For any N applications, at most N/2+1 use the same certificate bundle
You end up using shell for "complex stuff" because it's easier that way
Your /etc/hosts is all colored with various rules
If you face a situation where the person who knows the script/ procedure to resolve an issue is on vacation
You often hear - "We've always done it this way."
"Prod" is just another name for "staging".
Nobody knows what exactly it is you do.
If a post-mortem follow-up task is not picked up within a week, it's unlikely to be completed at all.
Your quarterly planning has no meaning when the next re-org rolls around.
Most of your actual work is not covered by your OKRs
To read more about OKR - https://www.netmeister.org/blog/okr-distractions.html
Management will always happily spend $$$ on outside consultants to tell them what you've been saying for years.
Management will much rather invest in inventing a new, square wheel than fixing an old round one.
Your usage of Restricted shells are not as restricted
Your network team has a way into the network that your security team doesn't know about.
Do you think "One in a million is next Tuesday?"
You can read about One in a million next Tuesday here - https://docs.microsoft.com/en-us/archive/blogs/larryosterman/one-in-a-million-is-next-tuesday
Quite often, you see "human error" as the root cause
If your culture is - "If you break it, you own it - for now; if you fix it, you own it - forever."
You cannot turn things off permanantly as there is no one who can "approve" of it.
And so it keep lingering around
The most critical services are maintained by handful of people and others do not dare to go near these services
You're bound by the CAP theorem much more often than you may think.
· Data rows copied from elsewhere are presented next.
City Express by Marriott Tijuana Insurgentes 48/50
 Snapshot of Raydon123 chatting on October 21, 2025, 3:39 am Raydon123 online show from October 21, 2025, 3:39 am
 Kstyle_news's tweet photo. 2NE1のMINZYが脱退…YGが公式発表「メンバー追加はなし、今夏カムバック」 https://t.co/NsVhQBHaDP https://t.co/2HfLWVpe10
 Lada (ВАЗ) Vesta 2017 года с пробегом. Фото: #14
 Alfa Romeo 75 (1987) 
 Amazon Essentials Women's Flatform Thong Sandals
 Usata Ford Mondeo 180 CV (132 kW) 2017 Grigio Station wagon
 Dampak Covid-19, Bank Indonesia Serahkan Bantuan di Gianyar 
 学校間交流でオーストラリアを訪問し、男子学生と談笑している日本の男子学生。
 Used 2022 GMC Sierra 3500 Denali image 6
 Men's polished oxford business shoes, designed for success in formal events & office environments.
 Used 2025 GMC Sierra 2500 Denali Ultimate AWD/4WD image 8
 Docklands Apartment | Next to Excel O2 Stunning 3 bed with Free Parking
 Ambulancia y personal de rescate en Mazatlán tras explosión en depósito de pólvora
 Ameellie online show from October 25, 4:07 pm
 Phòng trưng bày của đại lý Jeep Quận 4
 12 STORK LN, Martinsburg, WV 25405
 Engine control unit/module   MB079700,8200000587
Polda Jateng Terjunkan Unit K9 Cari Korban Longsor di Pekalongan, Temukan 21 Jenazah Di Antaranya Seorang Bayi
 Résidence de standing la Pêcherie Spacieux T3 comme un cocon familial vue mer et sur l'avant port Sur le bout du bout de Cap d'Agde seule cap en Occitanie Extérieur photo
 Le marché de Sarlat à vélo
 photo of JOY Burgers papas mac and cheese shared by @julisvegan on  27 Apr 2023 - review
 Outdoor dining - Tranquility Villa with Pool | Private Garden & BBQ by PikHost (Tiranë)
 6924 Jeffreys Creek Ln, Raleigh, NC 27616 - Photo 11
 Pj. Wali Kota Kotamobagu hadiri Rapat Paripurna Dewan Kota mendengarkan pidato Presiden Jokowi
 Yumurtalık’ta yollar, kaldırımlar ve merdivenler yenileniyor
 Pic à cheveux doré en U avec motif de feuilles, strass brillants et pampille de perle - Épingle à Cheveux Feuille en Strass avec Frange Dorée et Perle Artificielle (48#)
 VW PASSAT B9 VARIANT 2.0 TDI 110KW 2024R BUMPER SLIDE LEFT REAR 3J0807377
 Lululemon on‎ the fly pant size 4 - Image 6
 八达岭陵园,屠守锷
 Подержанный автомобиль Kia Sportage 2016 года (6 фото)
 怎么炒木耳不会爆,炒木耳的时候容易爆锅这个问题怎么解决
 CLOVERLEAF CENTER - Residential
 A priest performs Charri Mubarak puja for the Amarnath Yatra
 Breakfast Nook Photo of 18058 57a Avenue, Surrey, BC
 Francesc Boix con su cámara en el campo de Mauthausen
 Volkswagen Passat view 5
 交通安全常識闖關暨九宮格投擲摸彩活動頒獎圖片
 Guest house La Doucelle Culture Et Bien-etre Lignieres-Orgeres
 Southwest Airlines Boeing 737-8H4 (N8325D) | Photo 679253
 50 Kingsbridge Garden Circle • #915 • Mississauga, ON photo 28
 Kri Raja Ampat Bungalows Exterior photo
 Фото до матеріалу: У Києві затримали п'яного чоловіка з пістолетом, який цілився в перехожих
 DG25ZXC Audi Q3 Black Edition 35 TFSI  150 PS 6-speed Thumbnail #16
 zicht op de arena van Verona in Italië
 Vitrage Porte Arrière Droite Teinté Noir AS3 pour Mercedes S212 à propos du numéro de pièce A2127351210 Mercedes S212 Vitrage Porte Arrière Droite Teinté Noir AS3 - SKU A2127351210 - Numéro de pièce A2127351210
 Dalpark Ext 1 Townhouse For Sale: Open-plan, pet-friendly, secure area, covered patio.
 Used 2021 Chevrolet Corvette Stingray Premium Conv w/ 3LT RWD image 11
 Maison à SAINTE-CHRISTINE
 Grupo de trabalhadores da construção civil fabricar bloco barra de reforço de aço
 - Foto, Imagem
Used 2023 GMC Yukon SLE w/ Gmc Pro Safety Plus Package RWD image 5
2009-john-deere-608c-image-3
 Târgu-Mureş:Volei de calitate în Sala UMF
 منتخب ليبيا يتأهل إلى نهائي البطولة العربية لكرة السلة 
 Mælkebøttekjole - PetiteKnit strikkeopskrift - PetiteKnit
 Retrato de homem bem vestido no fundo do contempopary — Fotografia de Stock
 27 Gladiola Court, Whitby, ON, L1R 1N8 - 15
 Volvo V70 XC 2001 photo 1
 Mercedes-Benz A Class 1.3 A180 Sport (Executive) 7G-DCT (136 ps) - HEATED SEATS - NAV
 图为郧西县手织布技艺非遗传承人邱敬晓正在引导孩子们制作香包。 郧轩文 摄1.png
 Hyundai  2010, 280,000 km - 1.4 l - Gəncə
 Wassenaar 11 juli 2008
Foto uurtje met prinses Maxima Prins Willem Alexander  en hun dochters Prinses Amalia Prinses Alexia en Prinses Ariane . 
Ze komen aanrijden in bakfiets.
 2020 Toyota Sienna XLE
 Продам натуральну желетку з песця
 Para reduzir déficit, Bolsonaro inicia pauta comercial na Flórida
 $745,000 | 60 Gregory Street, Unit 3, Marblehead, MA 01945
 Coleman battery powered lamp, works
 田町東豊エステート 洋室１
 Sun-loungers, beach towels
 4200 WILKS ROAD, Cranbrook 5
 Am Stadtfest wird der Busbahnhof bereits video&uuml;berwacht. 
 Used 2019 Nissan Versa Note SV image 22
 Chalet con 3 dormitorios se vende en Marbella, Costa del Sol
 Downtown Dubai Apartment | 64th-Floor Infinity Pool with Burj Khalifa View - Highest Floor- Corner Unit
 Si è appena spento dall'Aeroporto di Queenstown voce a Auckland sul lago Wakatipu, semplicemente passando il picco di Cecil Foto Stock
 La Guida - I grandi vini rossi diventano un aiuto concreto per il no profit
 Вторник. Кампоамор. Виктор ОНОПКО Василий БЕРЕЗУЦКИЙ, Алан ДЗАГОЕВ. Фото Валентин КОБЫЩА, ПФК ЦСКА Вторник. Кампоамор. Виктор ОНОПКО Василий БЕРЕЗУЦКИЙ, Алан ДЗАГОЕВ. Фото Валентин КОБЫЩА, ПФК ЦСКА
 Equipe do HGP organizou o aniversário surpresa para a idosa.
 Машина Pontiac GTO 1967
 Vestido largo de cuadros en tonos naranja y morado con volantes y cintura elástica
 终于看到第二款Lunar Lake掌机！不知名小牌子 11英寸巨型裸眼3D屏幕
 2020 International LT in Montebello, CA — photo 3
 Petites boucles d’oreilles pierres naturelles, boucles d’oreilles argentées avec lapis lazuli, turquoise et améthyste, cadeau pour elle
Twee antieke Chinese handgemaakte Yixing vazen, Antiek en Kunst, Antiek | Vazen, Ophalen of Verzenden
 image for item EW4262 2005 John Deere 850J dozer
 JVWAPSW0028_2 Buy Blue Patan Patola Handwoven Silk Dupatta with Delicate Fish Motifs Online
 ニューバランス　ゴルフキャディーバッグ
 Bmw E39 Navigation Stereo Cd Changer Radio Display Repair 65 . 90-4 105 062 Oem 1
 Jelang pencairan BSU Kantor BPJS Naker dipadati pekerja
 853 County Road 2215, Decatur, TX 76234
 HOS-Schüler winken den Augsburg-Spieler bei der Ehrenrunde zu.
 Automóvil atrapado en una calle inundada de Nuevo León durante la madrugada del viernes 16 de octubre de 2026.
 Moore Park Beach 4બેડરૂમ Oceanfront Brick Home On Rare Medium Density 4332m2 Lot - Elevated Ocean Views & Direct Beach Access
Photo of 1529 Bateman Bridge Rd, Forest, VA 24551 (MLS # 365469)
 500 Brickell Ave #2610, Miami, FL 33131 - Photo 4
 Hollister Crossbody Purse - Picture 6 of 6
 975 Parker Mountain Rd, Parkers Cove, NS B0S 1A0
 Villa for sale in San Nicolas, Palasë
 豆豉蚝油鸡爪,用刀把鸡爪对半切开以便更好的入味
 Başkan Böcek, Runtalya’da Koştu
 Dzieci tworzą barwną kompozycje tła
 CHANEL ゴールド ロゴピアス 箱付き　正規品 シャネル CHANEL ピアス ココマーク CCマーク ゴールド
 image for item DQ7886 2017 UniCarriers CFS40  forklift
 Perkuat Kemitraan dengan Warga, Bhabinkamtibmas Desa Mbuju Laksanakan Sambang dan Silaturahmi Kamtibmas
Halting Problem's a bitch, too.
Read more about CAP theorem here https://en.wikipedia.org/wiki/CAP_theorem and about Halting problem here https://en.wikipedia.org/wiki/Halting_problem
If your runbook to fix things say - "Turn on and off" and you should see it working again.
All the documentation that's there is README.md file
A document points to another document, which it turn takes you to some other document
And this goes on forever till you give up
The document is marked obsolete and no reference to any other
And there is no reference or availability of the current document which you can consume
Somewhere, somebody ran into this exact problem, but they never bothered to post a solution.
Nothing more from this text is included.